To assess a broker’s trustworthiness, merely considering the promises they make during client solicitation is insufficient. The pivotal factor lies in the seamless withdrawal of funds. Regardless of favorable trading conditions prior to an investor joining the platform, if withdrawals encounter issues and profits fail to reach the investor, those initial promises become mere empty rhetoric.
Recently, a client expressed his dissatisfaction with Equiti, a financial services provider licensed by the UK's financial regulator, the FCA, and the Seychelles' Financial Services Authority, the FSA.
The customer explained that he opted to open an account with Equiti primarily due to the no-swap account recommended by the company’s business manager. He elaborated, ‘While I had a Forex trading account on other platforms, they lured me to join by presenting the low spreads, high leverage, and swap-free conditions.’
The customer reached out to the business manager to meticulously confirm details such as P/L, conditions for opening position conditions, and deposit & withdraw. Only after receiving an accurate response did he agree to open an account.

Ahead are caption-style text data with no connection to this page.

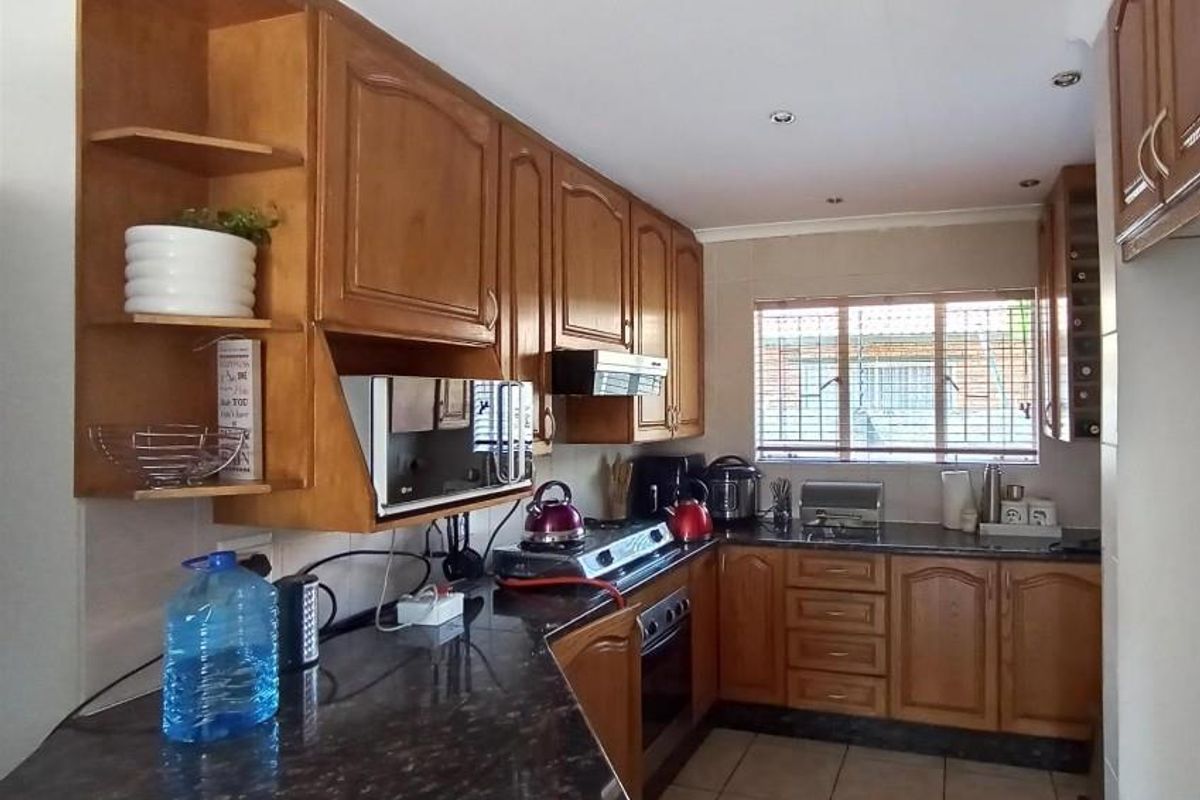 A functional kitchen featuring traditional wooden cabinetry, dark granite countertops, built-in oven, and tiled flooring with natural light from a window.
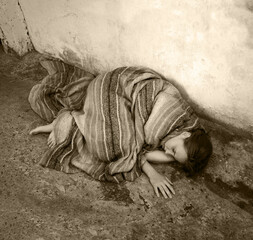 A girl in poor clothes lies on the ground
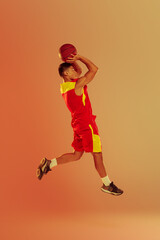 Fototapeta na wymiar Portrait of young man, professional basketball player training isolated over orange studio background in neon light. Jump shot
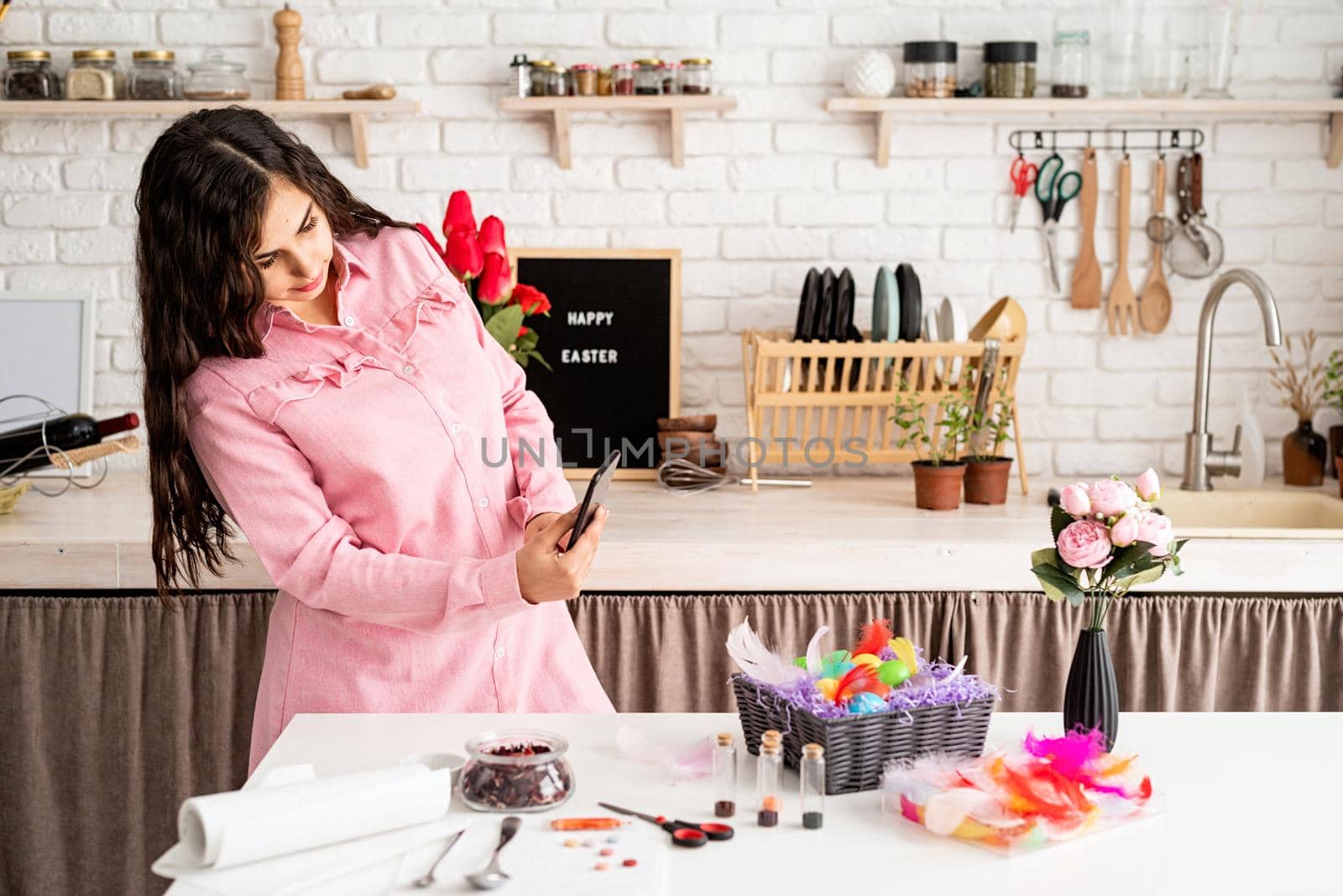 Beautiful brunette woman taking photo of decorated easter eggs using mobile phone in the kitchen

After sevral days of trading, the investor made a profit and submitted for withdrawal on March 7, aiming to withdraw the $2,819.7 in balance. However, Equiti rejected his request, stating that "Upom a review of your Account, we have identified some abnormal trading behavior that we consider to be abusive. In accordance with clause 3.3.2 and 3.3.3 of the Terms, we have revoked the swap ree status of your Account and will recover the un-accrued swaps on your Account in relation to the trades which we consider to be abusive, totaling to USD-$2,819.7".
The client requested that Equiti provide evidence and a detailed explanation of its allegations, while providing records of his communication with the business manager to demonstrate that he had not been briefed on the terms.
The investor challenged Equiti, arguing that the company had not fulfilled its obligation to explain the relevant terms to him, and that the company should be liable for any resulting losses: "I have reason to suspect that the marketing staff used the swap free trading account as a tool to intentionally deceive and mislead clients.
However, Equiti neglected to address his request and inquiry, and even refused his emails!
The client has now filed a complaint against Equiti with the Seychelles financial regulator, but has not yet received a response.
As a financial services provider, it is your responsibility to inform clients about the terms and risks associated with their chosen investment products. Ignoring customer complaints and failing to communicate when issues arise is an inappropriate approach.
Although regulatory licenses are crucial, a broker’s reputation is equally significant. When making investment decisions, it’s essential to engage in thorough and thoughtful analysis to minimize potential pitfalls and risks.